Jika didasarkan pada kondisi saat ini, harga pasar untuk tanah di lokasi dalam Kota Manado itu mencapai Rp 5 juta per meter persegi. Sementara Nilai Jual Objek Pajak (NJOP) tercatat Rp. 3 juta per meter persegi. Artinya, dengan luas 2,1 hektare, harga pasarnya setara dengan Rp. 110 miliar.
Masalah muncul karena sejak "tanah sebelah" dijual ke AKR, tanah yang 2,1 hektare pun seperti ikut diakuisisi. Selain dijaga oknum aparat keamanan, pepohonan di lokasi itu pun dirusak, ditebang, sehingga tak menghasilkan lagi. Regina yang pensiunan guru SD dan Theresia yang pensiunan pegawai bea cukai, mengaku tak bisa berbuat apa-apa.

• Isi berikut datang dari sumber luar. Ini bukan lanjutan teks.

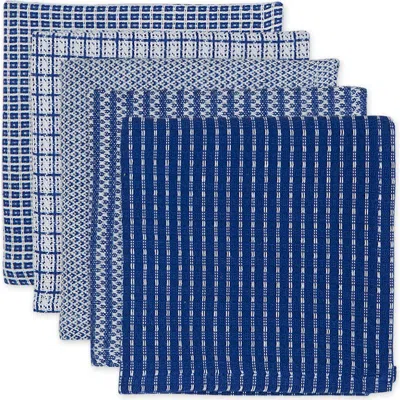 Dii Everyday Assorted Dishcloth Set/5 In Blue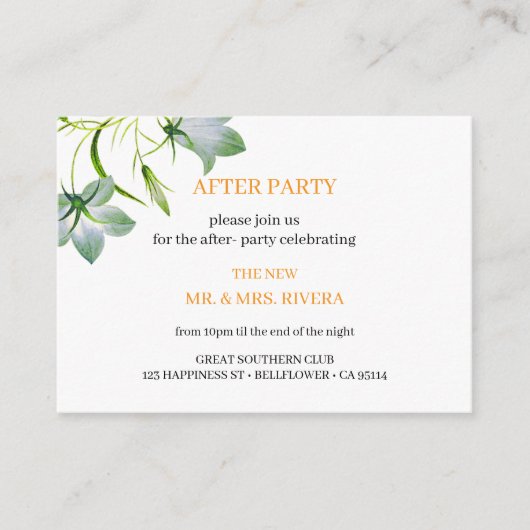 Elegant Bloemend Huwelijk Na-feest Informatiekaartje (Voorkant)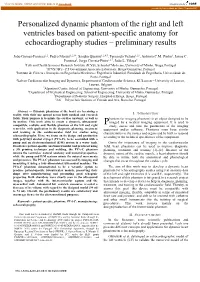 Personalized Dynamic Phantom of the Right and Left Ventricles Based on Patient-Specific Anatomy for Echocardiography Studies &Am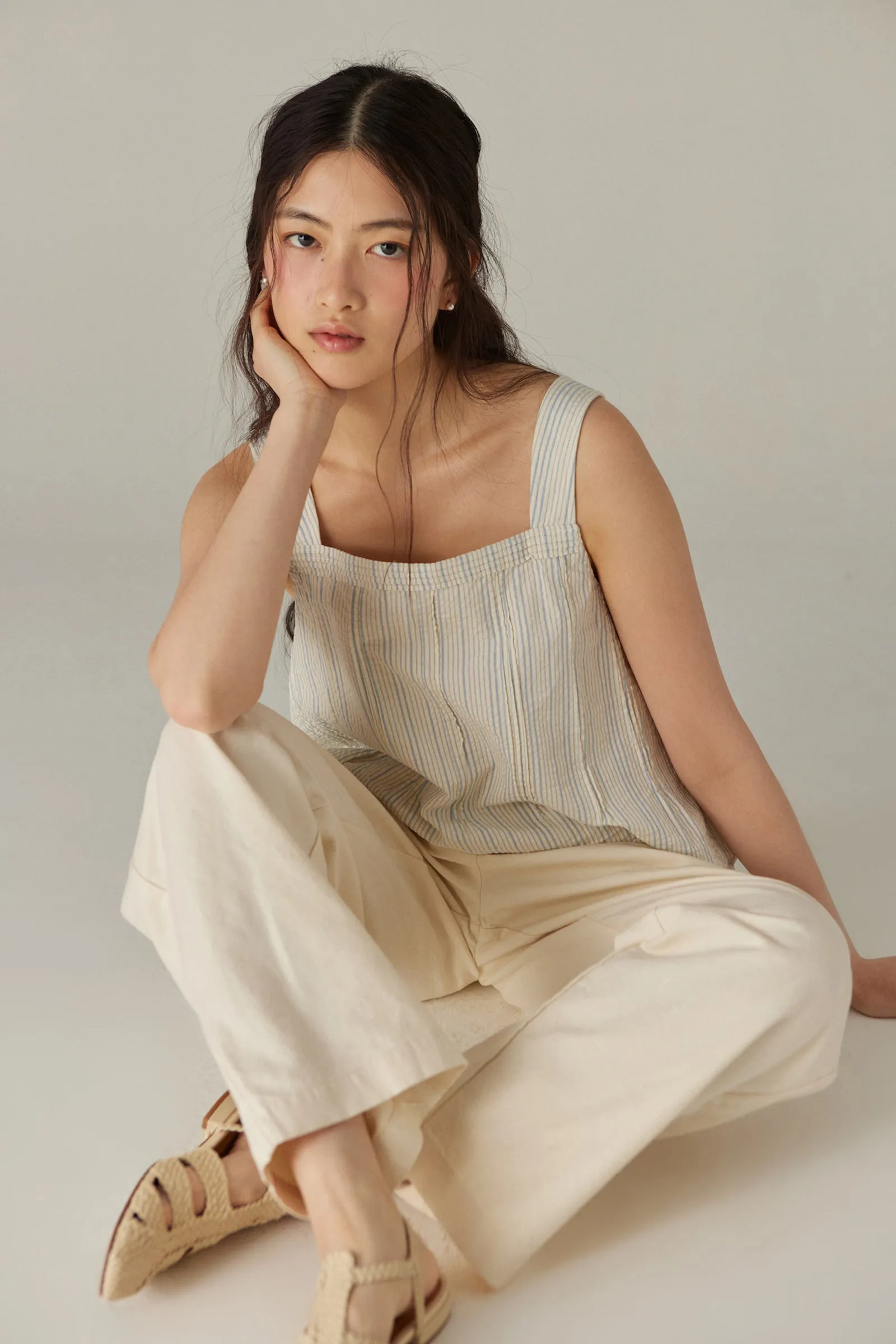 Odette Blouse -- Organic Cotton Seersucker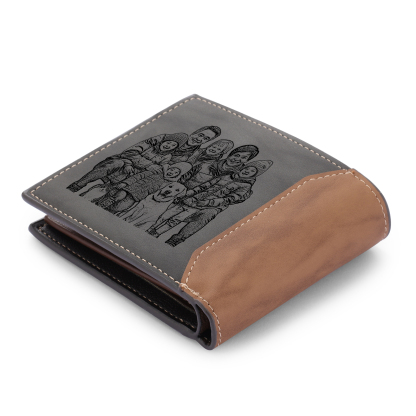 6 names - Custom Wallet with Personalized Character, Name & Text - Gifts for Father’s Day 
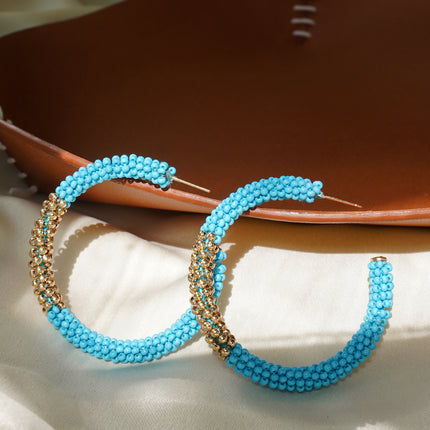 Blue Gold Beaded Hoops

"Kami cuma orang kecil, warga kampung yang enggak berdaya," ungkap Regina.
Setelah hampir tiga dasawarsa gagal mendapatkan sertifikat, Regina dan Theresia lalu menguasakan pengurusan atas lahan tersebut kepada Abduh Badar, dengan tugas mengembalikan hak kepemilikan kepada kedua oma.
Abduh Badar atau akrab disapa Alex, bergerak cepat. Ia mendatangi kantor Badan Pertanahan Nasional (BPN) Kota Manado, juga PT AKR Land yang berkantor pusat di Jakarta. Hasilnya, dia kaget, karena di atas lahan 2,1 hektare itu sudah ada sertifikat bernomor 5485 Tahun 2018 dengan kepemilikan atas nama AKR Land. Sertifikat diterbitkan oleh BPN Kota Manado.
Setelah mendapatkan salinannya, Alex mencatat ada setidaknya empat kejanggalan. Pertama, sertifikat itu dibuat dengan mengacu pada sertifikat sebelumnya, yang juga terbitan BPN Kota Manado, bernomor 753 Tahun 2017.
"Tapi karena dianggap palsu, sertifikat No. 753/2017 itu sudah dibatalkan oleh BPN Sulut. Pembatalan itu kemudian ditindaklanjuti oleh Pengadilan Negeri Manado dengan menyita dokumen sertifikat tersebut," tutur Alex selaku penerima kuasa.
Anehnya, meski sudah dibatalkan dan disita pengadilan, tiba-tiba muncul sertifikat baru bernomor 5485/2018 dengan dasar sertifikat sebelumnya yang notabene sudah dibatalkan.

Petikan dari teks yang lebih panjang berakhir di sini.